How metadata supercharges analytics in Parse.ly

Parse.ly tracks a number of directly-measured metrics from websites, such as views, visitors, time, and shares.

In addition to this, Parse.ly tracks “page metadata” using one of several content management system (CMS) integrations. In fact, page metadata is Parse.ly’s “secret weapon” that supercharges the way its analytics dashboard works, so that all of the data is engaging to day-to-day users who may not normally log into analytics tools.

This post will cover exactly how metadata works in the Parse.ly system. We’ll start at how metadata is integrated; how that data flows into our dashboard and API; and how Parse.ly handles changes to metadata over time. The last section of the post goes into advanced use cases of metadata.

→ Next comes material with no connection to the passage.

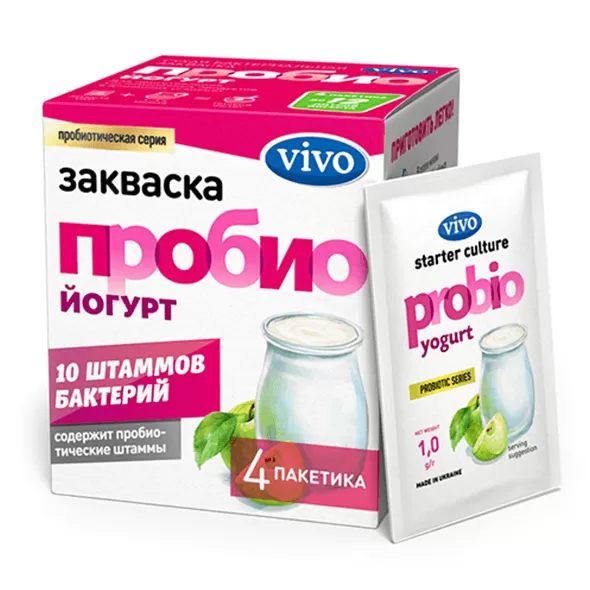 Закваска бактериальная "ПРОБИОЙОГУРТ VIVO" 4 пак *1,0г — фото с сайта tinytoy.kz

Integrating page metadata into Parse.ly

Parse.ly has a number of metadata integration options, which include:

  1. a simple JSON tag included on every page, which is technically implemented using two web standards: JSON-LD, for embedding JSON on HTML pages, and schema.org/NewsArticle. A benefit of this format is that Google and other services use it to recognize news content.
  2. a small set of META tags on every page, each of which have the parsely- prefix, and which populate various bits of metadata in a controlled manner specifically for Parse.ly’s tools.
  3. tracked metadata for sites with limited CMS customization options. Sometimes sites rely upon a dynamic tag managers or include embedded video content which is not actually “crawlable”. In these cases, Parse.ly’s JavaScript tracker is modified to send metadata about the page with the first pageview or videostart event triggered on any page or video load. This means that you don’t need to include any Parse.ly metadata in your HTML, as you do with the other formats.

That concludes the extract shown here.